Seymour and Knishkebibble flee from the Beast of Armageddon in "The Trumpets They Play!"

"The Trumpets They Play!" is an 8-page comic by Al Columbia. A cartoon interpretation of the Book of Revelation featuring his recurring characters Seymour Sunshine and Knishkebibble the Monkey-Boy, it was published in BLAB! #10 in 1998. Its artwork took Columbia six months to complete. The title was taken from a song by his former roommate and Action Suits bandmate Andy Schmidt.

==Synopsis==
After a title card introducing the upcoming feature as "Seymour Sunshine and Knishkebibble the Monkey-Boy's Big Budget Fiasco", the story begins with a televangelist reading aloud passages from the Book of Revelation describing the seven seals and seven trumpets, accompanied by topical illustrations. The preacher's broadcast is interrupted by a newsflash on the impending end of the millennium. The panel view gradually zooms out slowly from the TV screen to the interior of a high-rise apartment, then out of a window to reveal a panorama of debauchery and random violence. In the background, the meteorite Wormwood flies across the sky.

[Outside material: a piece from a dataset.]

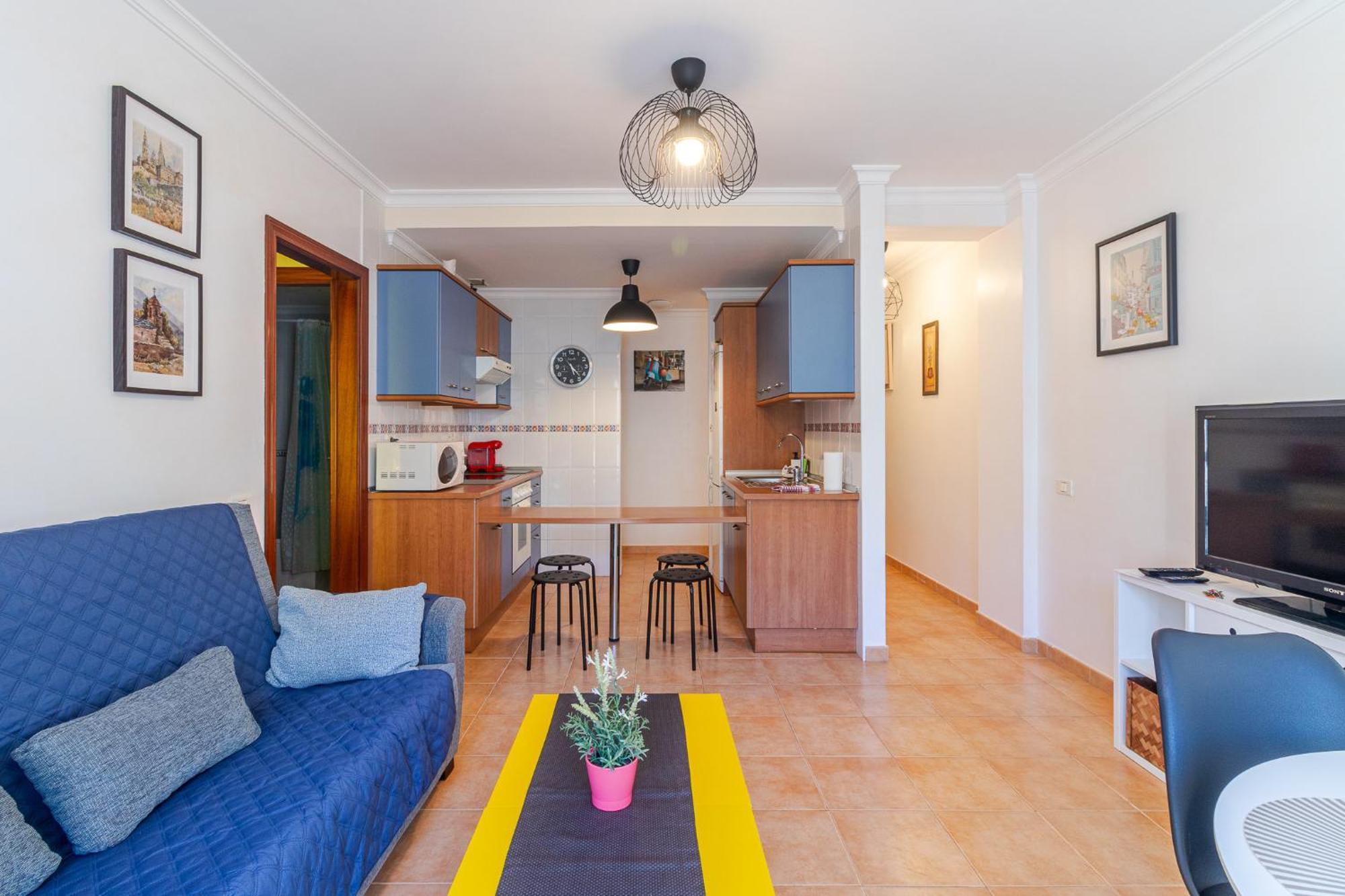 Flatguest Sardina Pool Apartament *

Meanwhile, Knishkebibble is shown in another apartment reading the Book of Revelation. He decides to take a bath to ward off "pre-millennium jitters". While he is drawing his bath the meteorite strikes the earth, causing all the faucets to spew inky black liquid. He runs out of the bathroom and awakens his sleeping companion, Seymour. They answer a knock at the door and are confronted by a pair of giant, armored locusts. Escaping the apartment, they scramble across rooftops, leap into a conveniently placed roadster, and drive away in haste.

The city is being ravaged by a massive earthquake and an army of grinning creatures carrying long knives. As Seymour and Knishkebibble speed out of the collapsing metropolis, a colossal seven-headed Beast looms in the distance. An army marching under the Beast's flag captures the pair; Knishkebibble kisses the boots of an officer and denounces Seymour, who is dragged away. The Beast is shown seated on a throne towering over a Nuremberg-style rally of men giving the Nazi salute; Knishkebibble and the televangelist are among the throng. In the Beast's hand, a pocketwatch labeled "Years of the Christian Era" approaches 2000. On the outskirts of the city, where mass executions by gun and guillotine are underway, Seymour sits with his limbs tied up and a lit stick of dynamite balanced on his head.

In the final page – the only one in full color – Seymour is shown in a white dress suit and hat, frolicking in a bucolic but strangely empty paradise.

==Critical reception==
"The Trumpets They Play!" has been cited by critics as an outstanding work, both within Columbia's own output and within the comics medium generally. In a 2002 essay on Columbia, Paul Gravett called it his "most alarming output yet [...] a cartoon apocalypse, a black and white Fleischer Brothers animated film as designed by Hieronymus Bosch." The 2011 book 1001 Comics You Must Read Before You Die listed it at position number 86, and Paste magazine included it in a 2015 article on the seven best Bible-inspired comics. It was included on the syllabus of a 2008 literature course on "The Imagination of Disaster" at Duke University.